## WORK ITEM:
Nothing is needed except the lines below that run from the one with "Rahul Round Outdoor" through the one with "41-09 41st St, Sunnyside, NY", repeated exactly.

::: MATERIAL FOR THE TASK :::

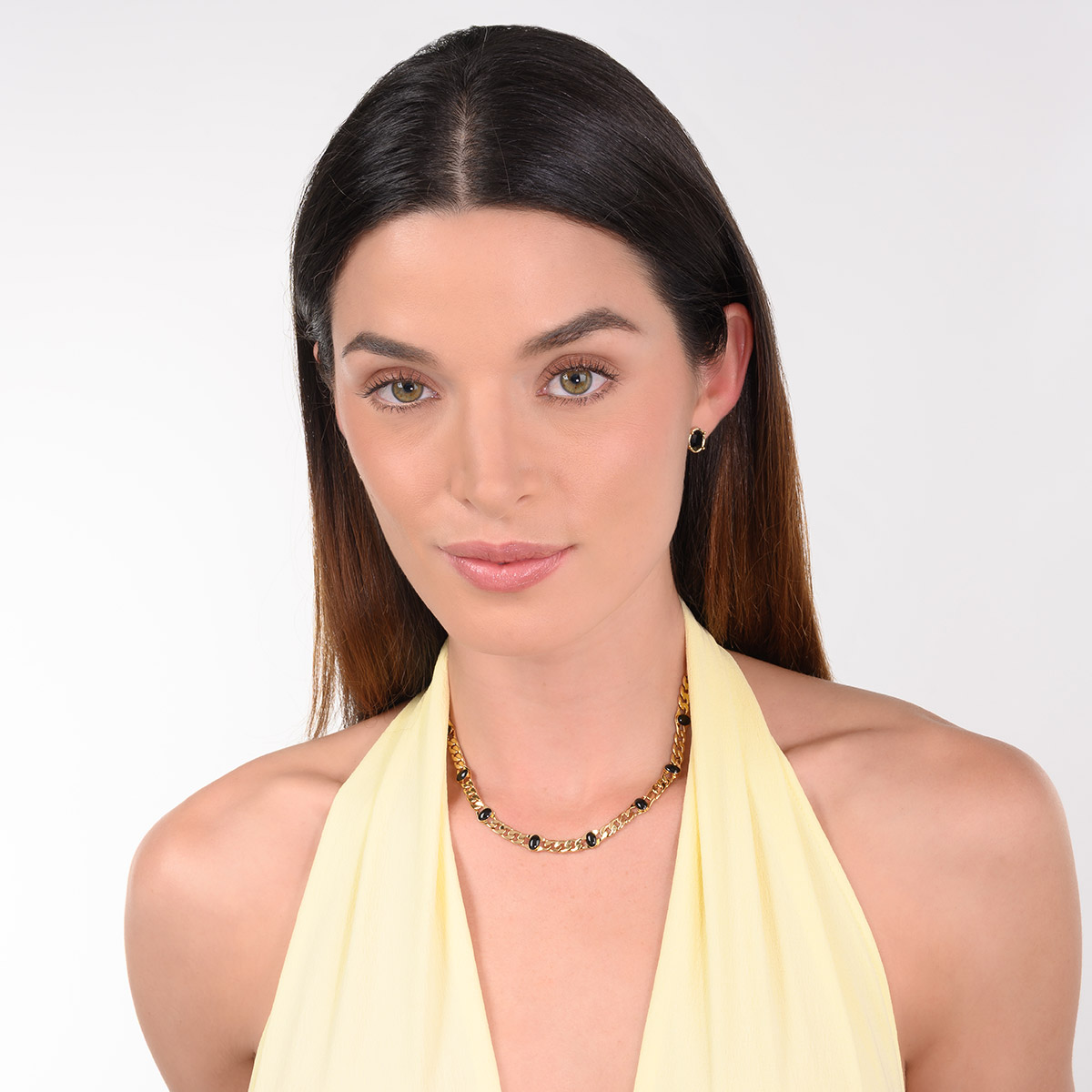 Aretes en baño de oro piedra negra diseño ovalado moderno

:::
::: MATERIAL FOR THE TASK :::

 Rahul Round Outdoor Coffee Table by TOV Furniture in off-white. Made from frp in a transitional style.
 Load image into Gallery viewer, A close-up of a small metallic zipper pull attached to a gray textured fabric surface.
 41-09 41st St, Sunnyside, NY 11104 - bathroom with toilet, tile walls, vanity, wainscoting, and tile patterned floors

:::
::: MATERIAL FOR THE TASK :::

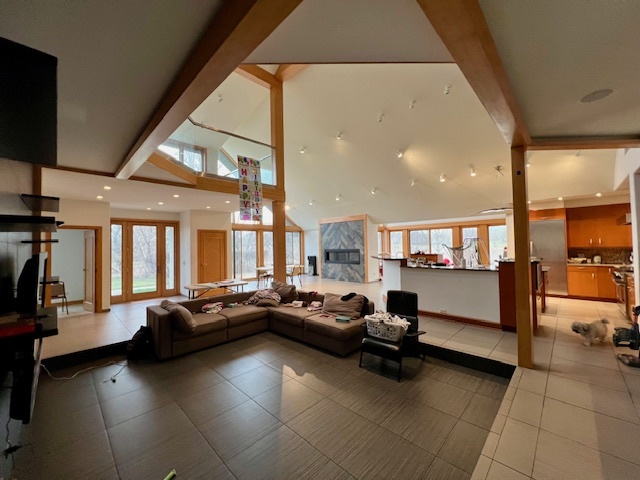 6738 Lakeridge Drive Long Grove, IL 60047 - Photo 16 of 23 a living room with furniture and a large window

:::

## WORKED SOLUTION:
 Rahul Round Outdoor Coffee Table by TOV Furniture in off-white. Made from frp in a transitional style.
 Load image into Gallery viewer, A close-up of a small metallic zipper pull attached to a gray textured fabric surface.
 41-09 41st St, Sunnyside, NY 11104 - bathroom with toilet, tile walls, vanity, wainscoting, and tile patterned floors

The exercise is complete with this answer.